- **PROBLEM DETAILS**: Only the lines of the data below from the one with "Bathroom in Hotel New Telavi" through the one with "BÁN NHÀ PHẠM" are wanted. Repeat them exactly.

- **THE DATA**:
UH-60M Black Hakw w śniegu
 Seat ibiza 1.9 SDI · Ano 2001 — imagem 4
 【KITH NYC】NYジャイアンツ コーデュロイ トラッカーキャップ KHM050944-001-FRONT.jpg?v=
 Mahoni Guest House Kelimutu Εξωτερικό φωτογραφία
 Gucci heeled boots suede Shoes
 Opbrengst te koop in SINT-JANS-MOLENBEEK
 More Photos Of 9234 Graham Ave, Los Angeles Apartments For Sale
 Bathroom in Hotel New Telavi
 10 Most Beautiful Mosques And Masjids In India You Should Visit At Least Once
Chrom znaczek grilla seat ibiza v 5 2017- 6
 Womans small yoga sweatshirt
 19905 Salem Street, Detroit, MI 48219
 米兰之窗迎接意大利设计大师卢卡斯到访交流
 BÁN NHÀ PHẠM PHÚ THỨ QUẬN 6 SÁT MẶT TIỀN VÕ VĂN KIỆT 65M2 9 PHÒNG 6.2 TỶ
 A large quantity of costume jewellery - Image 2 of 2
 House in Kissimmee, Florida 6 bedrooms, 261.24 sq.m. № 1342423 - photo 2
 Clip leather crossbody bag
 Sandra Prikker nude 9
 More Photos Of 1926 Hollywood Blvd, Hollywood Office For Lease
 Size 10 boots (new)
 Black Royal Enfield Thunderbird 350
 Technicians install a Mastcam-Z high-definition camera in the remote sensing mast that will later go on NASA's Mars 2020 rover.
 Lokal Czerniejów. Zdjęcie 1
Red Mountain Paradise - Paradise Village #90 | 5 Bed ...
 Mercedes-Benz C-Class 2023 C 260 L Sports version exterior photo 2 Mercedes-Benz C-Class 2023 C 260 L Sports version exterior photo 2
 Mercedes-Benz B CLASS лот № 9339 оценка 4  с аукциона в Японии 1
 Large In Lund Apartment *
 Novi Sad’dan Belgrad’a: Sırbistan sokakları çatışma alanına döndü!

- **SOLUTION FOR THIS TASK**:
 Bathroom in Hotel New Telavi
 10 Most Beautiful Mosques And Masjids In India You Should Visit At Least Once
Chrom znaczek grilla seat ibiza v 5 2017- 6
 Womans small yoga sweatshirt
 19905 Salem Street, Detroit, MI 48219
 米兰之窗迎接意大利设计大师卢卡斯到访交流
 BÁN NHÀ PHẠM PHÚ THỨ QUẬN 6 SÁT MẶT TIỀN VÕ VĂN KIỆT 65M2 9 PHÒNG 6.2 TỶ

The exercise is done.